話音未落,一眾人已然登城了,為首一名老者身姿挺拔,長鬚飄灑,頭戴長翅襆頭官帽,身著大紅色的官袍,石亨心知這可是二品以上大員才能用的服色,略一分神,便顧不得自己身披精鐵大鎧,用力彎下腰去。

“石亨見過部堂大人。”

“不必客套,聽說瓦剌人來了,情況如何?”

“情況不太妙,大人請仔細看那邊,瓦剌人正在用擄來的百姓打頭陣,估計用不了多久他們就能到城下了,這一招毒著呢,我們根本不好下手。”

於謙皺了皺眉,深深的吸了口氣。

“你帶兵多年,有什麼對應的法子?”

石亨略作沉吟,目中閃出一道精光。

“除非……,我軍主動派兵出城,先打他們個措手不及,若能取勝便可順勢將那些百姓收入城中。隻是如今我部既有山東的兵又有山西的兵,既有備倭軍又有新兵,東拚西湊良莠不齊倒在其次,關鍵是軍心不齊呐,一旦不能取勝,軍心再這麼一亂,後果不堪設想呐。”

於謙默然,緩緩向北邊望去,這石亨說的不無道理。

“部堂大人勿憂,這事包在我毛某人身上了!陣而後戰,兵法之常,運用之妙,存乎一心,這是從前嶽飛嶽武穆留下的話。”那毛福壽瞟了石亨一眼,咬著牙冷冷一笑,“待會我帶著八百京營弟兄出城之後,勞煩石兄立刻關閉城門,絕了我手下那些弟兄回城的念想。此去若不能取勝,今後毛某的家小就拜托兩位大人了。”

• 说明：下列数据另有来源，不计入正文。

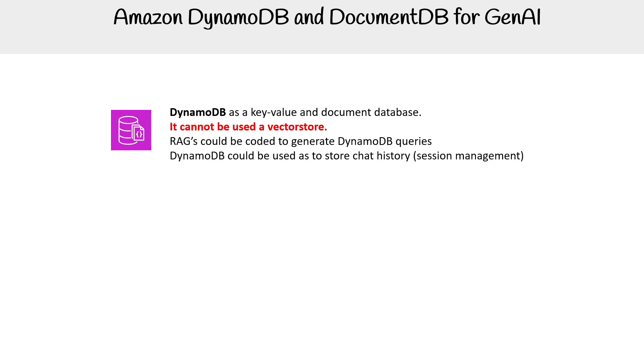DynamoDB could be used to store chat history. Session management would be a very useful case for DynamoDB when talking about Gen AI.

“毛兄弟……!”石亨一愣,漲紅了臉,幾步過去抓住毛福壽的手,“我石亨絕非貪生怕死之輩,我再撥你三千騎兵,你我一同下去。”

毛福壽的手被他這麼一抓,愣住了。

“你是說……,你要與我一同下去?”

“我倆從前素未共事,又都是粗人,這些日子是有些相互齟齬看不過眼。”石亨原本緊繃的臉,突然臉一紅,“可過了今日,你我就是生死弟兄了!”

毛福壽重重嚥了口唾沫,眼眶一下子紅了,猛地扭過頭去。

“部堂大人,此去若我一人獨回,請砍了我腦袋懸於城頭!”

兩人攜手聯袂便走,於謙目送兩人的背影漸去漸遠,猛地一擺手道:“取我甲來。”

不多時,數個方陣的明軍,列成陣列集結在德勝門甕城內的平地上,他們個個擎著火銃和刀槍挺立在陽光之下,十多個錦衣衛縱馬穿插來回巡視,百餘名將校則如雁翅般分列軍陣前方,陣前一員老將一身精鍛山紋甲,正是全身披掛已畢的於謙。

數乘快馬飛馳而至,為首之人滾下馬來。

“於部堂,屬下奉命趕到!”

恰在這時,甕城側麵的大門緩緩開啟,於謙臉上的神色一下子變得莊重起來,他轉過頭,炯炯有神的目光注視著那地上的兵部侍郎吳寧。

“吳寧,待我出城後傳我軍令,京師二十二萬大軍全部出城,列陣迎敵!”

“屬下遵命!”

“大軍出城後立刻關閉九門,有敢擅自放兵入城者殺無赦!”

“屬下遵命!”

“由錦衣衛在城內巡查,但凡發現有軍士穿著號服盔甲不出城作戰者殺無赦!”

“遵命!”

“守城將士,必英勇殺敵,今日便是死戰之時!臨陣,將不顧軍先退者,斬其將!軍不顧將先退者,後隊斬前隊!”

“遵命!!”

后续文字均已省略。